- **TASK DIRECTIONS**: Every line of the material needs an exact copy, apart from the images.

- **SUPPLIED DATA**:

######

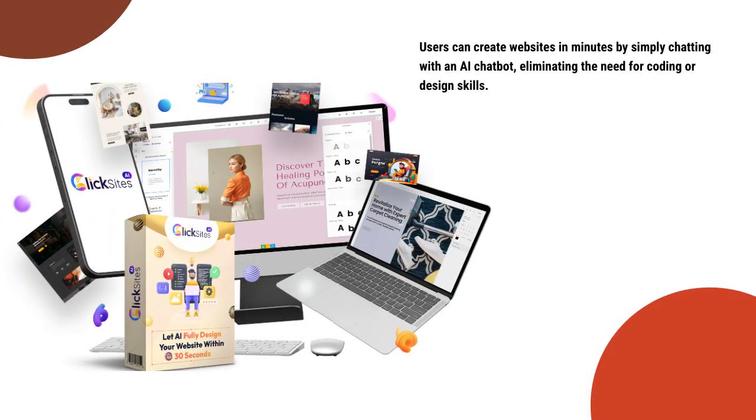Hi, in this series of short videos, I'm going to show you about building AI websites. This video is about a software that creates websites using AI. It's called ClickSites.ai. I myself am a user of this product. Users can create websites in minutes by simply chatting with an AI chatbot, eliminating the need for coding or design skills. I suggest you click the link in the description after watching this short explainer video to see exactly how this software can benefit you.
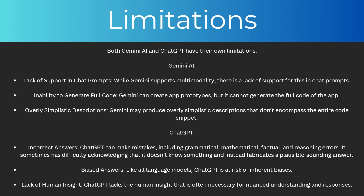So what about the limitations of both of them? For Gemini, while it supports multi-modality, there is lack of support for this in chat prompts. Also, Gemini can create app prototypes but it cannot generate the full code. And finally, it may produce overly simplistic descriptions that don't encompass the entire code snippet.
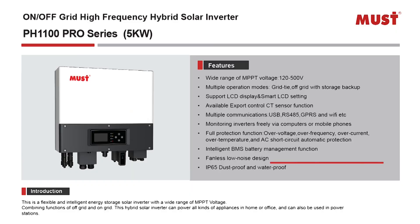Built to last, the IP65 rating provides a high level of protection against dust, moisture and other environmental factors, ensuring increased longevity and reliability.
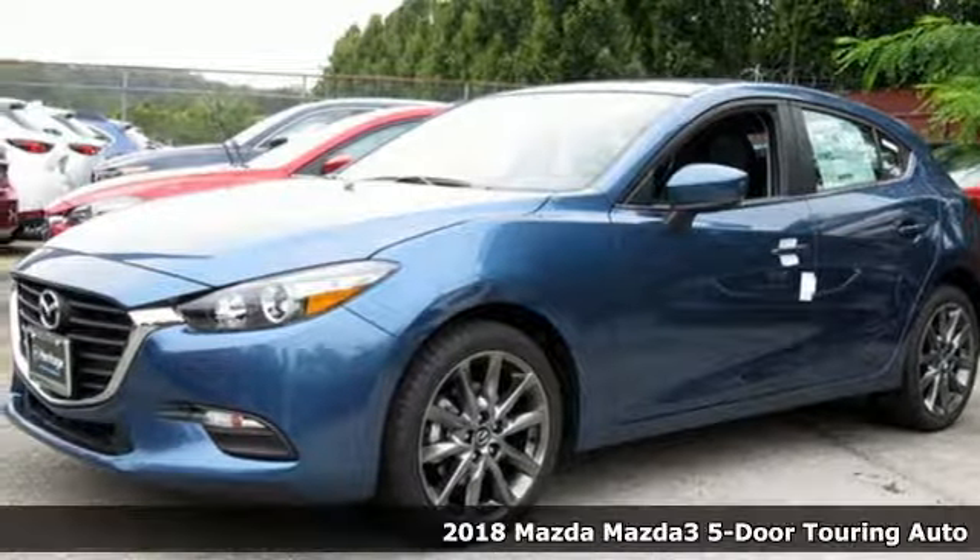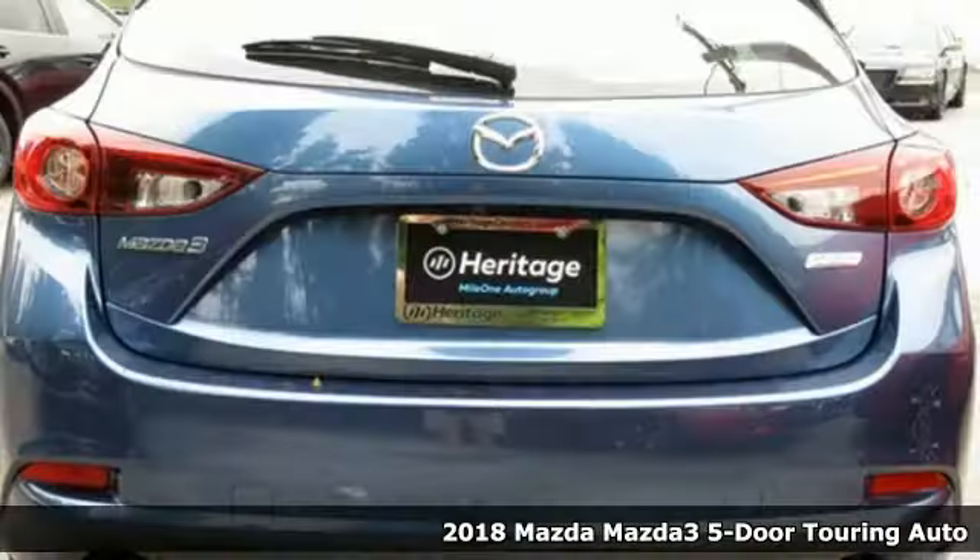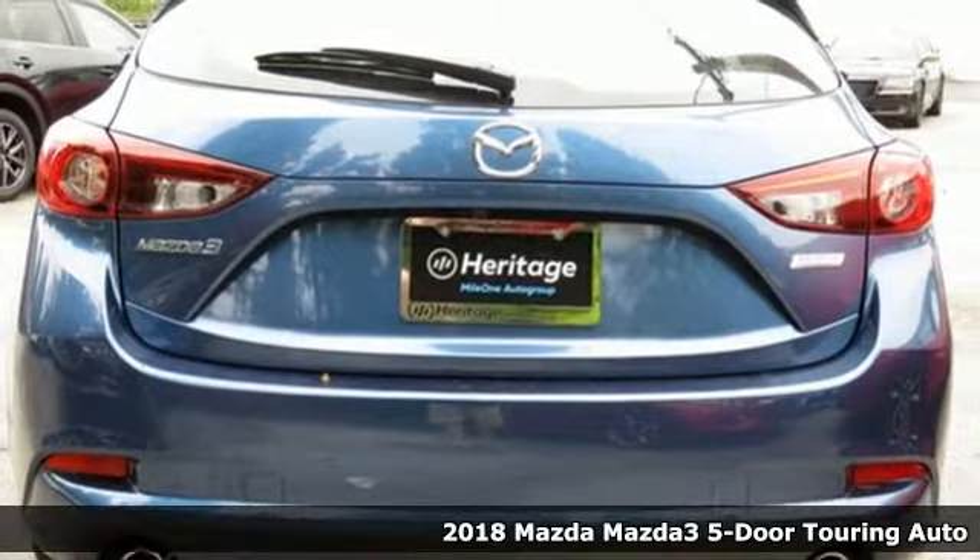It's a new 2018 Mazda 3 5-door. With Mazda, driving's what matters most.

######

- **FINISHED TASK**:
Hi, in this series of short videos, I'm going to show you about building AI websites. This video is about a software that creates websites using AI. It's called ClickSites.ai. I myself am a user of this product. Users can create websites in minutes by simply chatting with an AI chatbot, eliminating the need for coding or design skills. I suggest you click the link in the description after watching this short explainer video to see exactly how this software can benefit you.
So what about the limitations of both of them? For Gemini, while it supports multi-modality, there is lack of support for this in chat prompts. Also, Gemini can create app prototypes but it cannot generate the full code. And finally, it may produce overly simplistic descriptions that don't encompass the entire code snippet.
Built to last, the IP65 rating provides a high level of protection against dust, moisture and other environmental factors, ensuring increased longevity and reliability.
It's a new 2018 Mazda 3 5-door. With Mazda, driving's what matters most.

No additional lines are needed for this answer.